General basic theory of field extensions tells us that $\{1,y\}$ is a basis of $K$ over $F(x)$, so an arbitrary element $z\in K$ can be written in the form $$ z=f_0(x)+yf_1(x) $$ for some $f_0,f_1\in F(x)$. If $f_1\neq0$ then $z\notin F(x)$. We have $$ (z-f_0)^2=y^2f_1^2=(x-a_1)(x-a_2)\cdots (x-a_n)f_1^2, $$ so the minimal polynomial $m(T)$ of $z$ over $f(x)$ is $$ \begin{aligned} m(T)&=(T-f_0)^2-(x-a_1)(x-a_2)\cdots (x-a_n)f_1^2\\ &=T^2-2f_0T+[f_0^2-(x-a_1)\cdots (x-a_n)f_1^2]. \end{aligned} $$ The element $z$ is integral over $O_{P_i}$ if and only if the coefficients of this minimal polynomial are in the ring $O_{P_i}$.
Assume that the characteristic is $\neq2$. Then the coefficient of the linear term, $2f_0\in O_{P_i}$ iff $f_0\in O_{P_i}$. With that settled we see that the linear term is in $O_{P_i}$ if and only if the product $(x-a_1)\cdots (x-a_n)f_1^2\in O_{P_i}$. A moments reflection reveals that this condition is equivalent to requiring $f_1$ to be in $O_{P_i}$. The reason is that if $f_1$ has a pole of order $\ge1$ at $P_i$, then $f_1^2$ has a pole of order $\ge2$. The other factor $(x-a_1)\cdots(x-a_n)$ cannot cancel that because it has $a_1$ as a simple zero only.
The next step is to show that an element of $R_i$ is a unit if and only if $f_0$ is a unit of $O_{P_i}$. This follows from $$ \frac1{f_0+y f_1}=\frac{f_0-yf_1}{f_0^2-(x-a_1)\cdots (x-a_n)f_1^2}. $$ If $f_0$ is a unit, so is the denominator in the last form , call it $Q$ (the other term is a non-unit).
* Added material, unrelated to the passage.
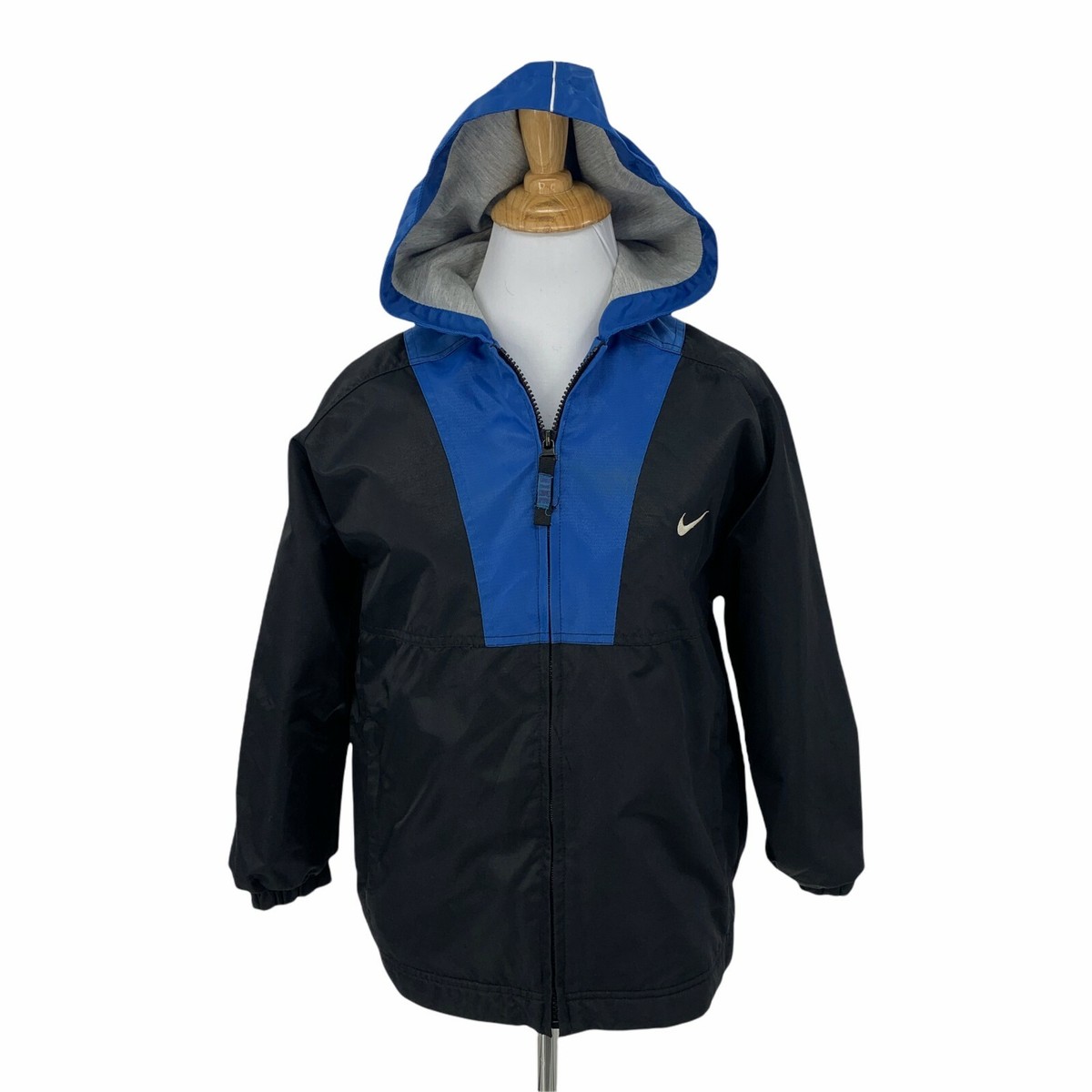 Vintage Nike Lined Rain Jacket Womenu0026#039;s Size S Full Zip Hoodie Retro  Black Blue | eBay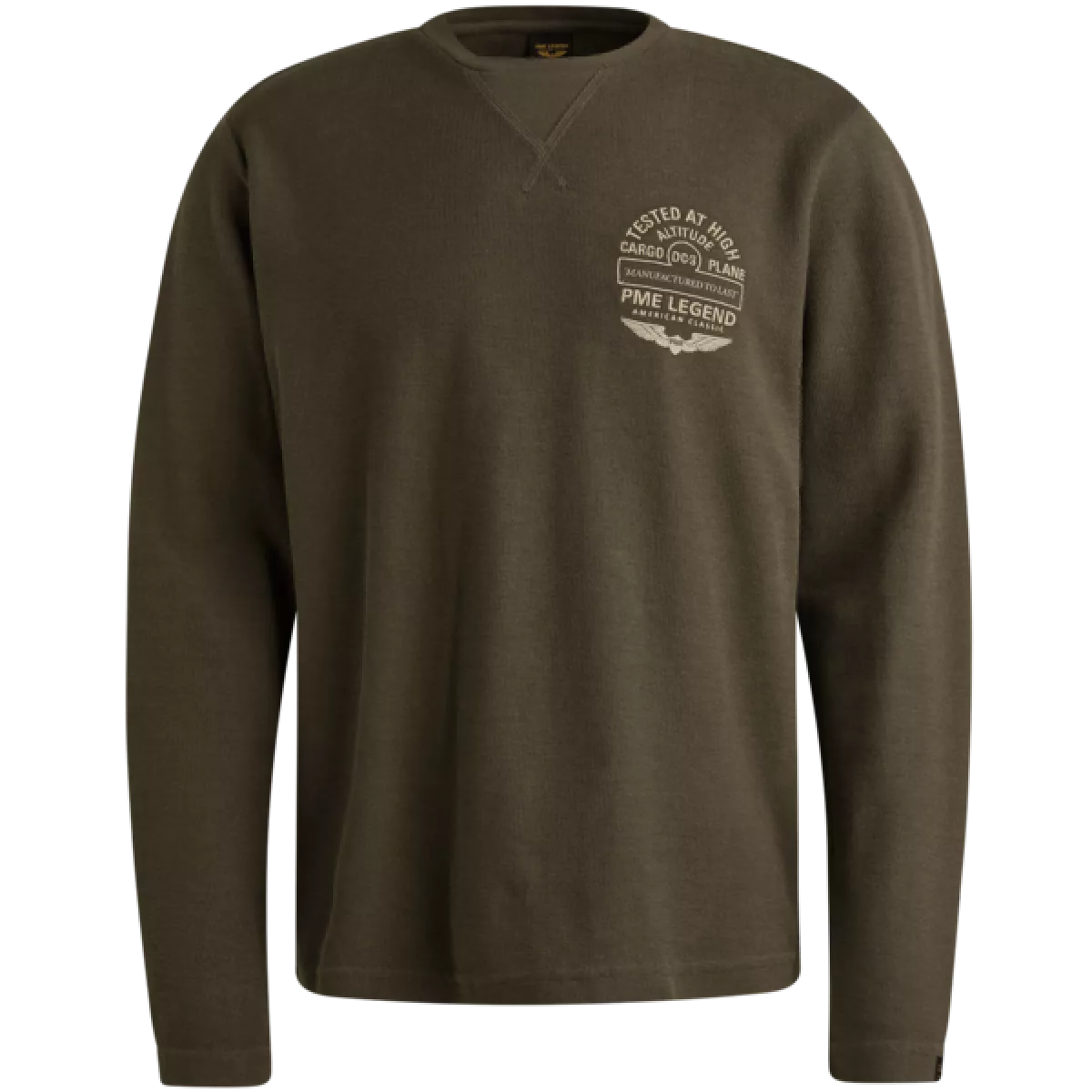 PME Legend PME Legend Long sleeve r-neck structured piqu Donker groen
More generally the two terms of $Q$ have zero orders of opposite parities at $P_i$, at least twice the minimum of zero orders of $f_0,f_1$. This quickly implies that an eventual zero at $P_i$ cannot be cancelled in both $f_0/Q$ and $-f_1/Q$. The claim follows.
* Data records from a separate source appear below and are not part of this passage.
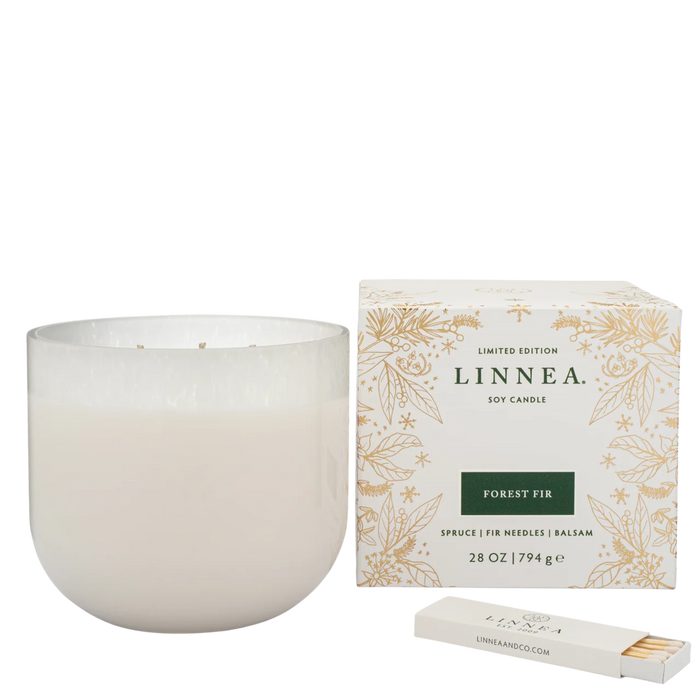 Forest fir soy candle in frosted jar with gift box and matchstick holder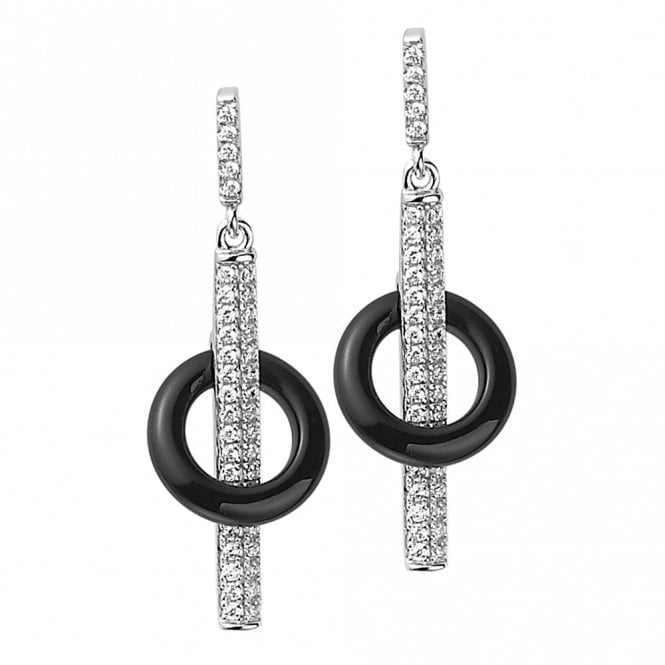 Silver and Onyx Drop Earrings by Fei Liu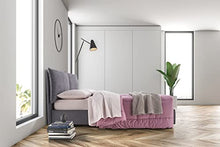 Evergreenweb-Letto Contenitore matrimoniale Imbottito sfoderabile Moderno e di design con rete a doghe legno per Materassi Matrimoniale, Elegante Testiera con Doppi Cuscini (Grigio, 160x195)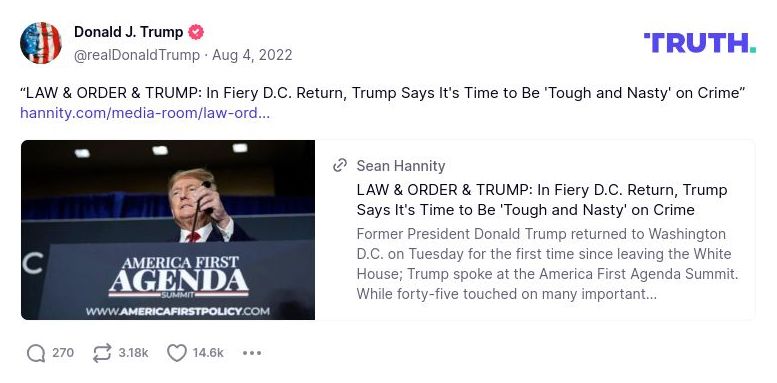 Post image from Donald Trump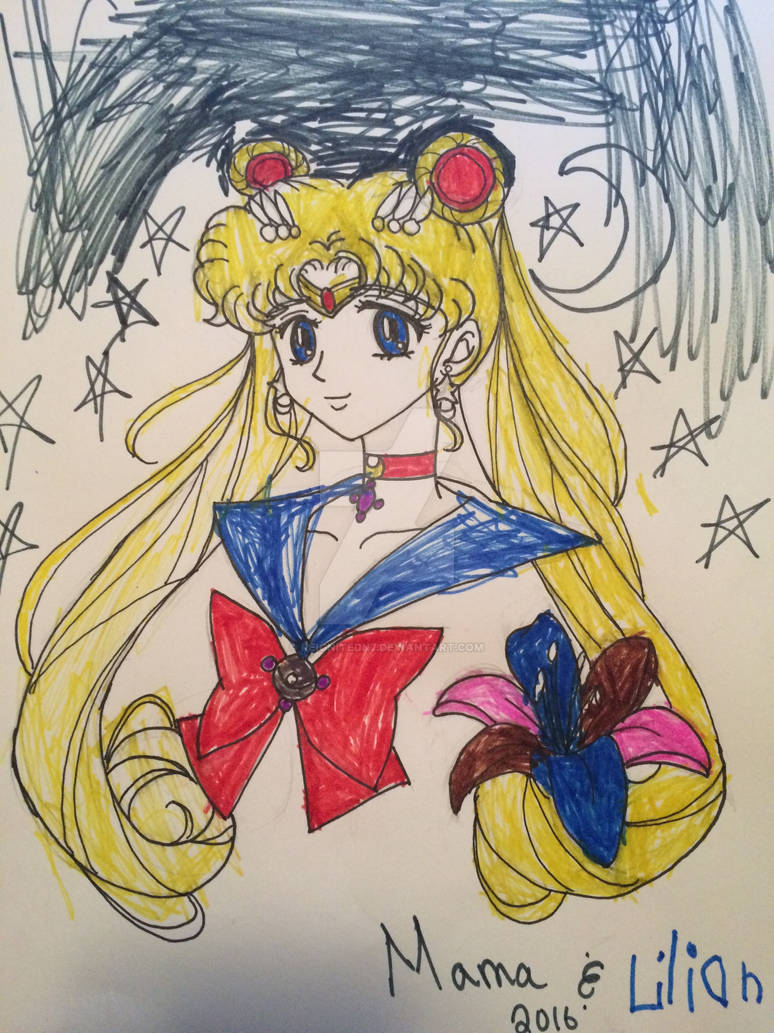 Sailor Moon colored by Lily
This implies that the ideal $yR_i$ consists of exactly the non-units of $R_i$. Here we need that $a_i$ is a simple zero of the product $(x-a_1)\cdots (x-a_n)$ implying that $$x-a_i=\frac{y^2}{(x-a_1)\cdots(x-a_{i-1})(x-a_{i+1})\cdots (x-a_n)}\in y R_1.\qquad(*)$$ So we know that the ring $R_i$ is local, and $y$ is a generator of the unique maximal ideal $M_i$. The claims then follow from the definitions. Equation $(*)$ implies that $x-a_i\in M_i^2$ giving us the ramification.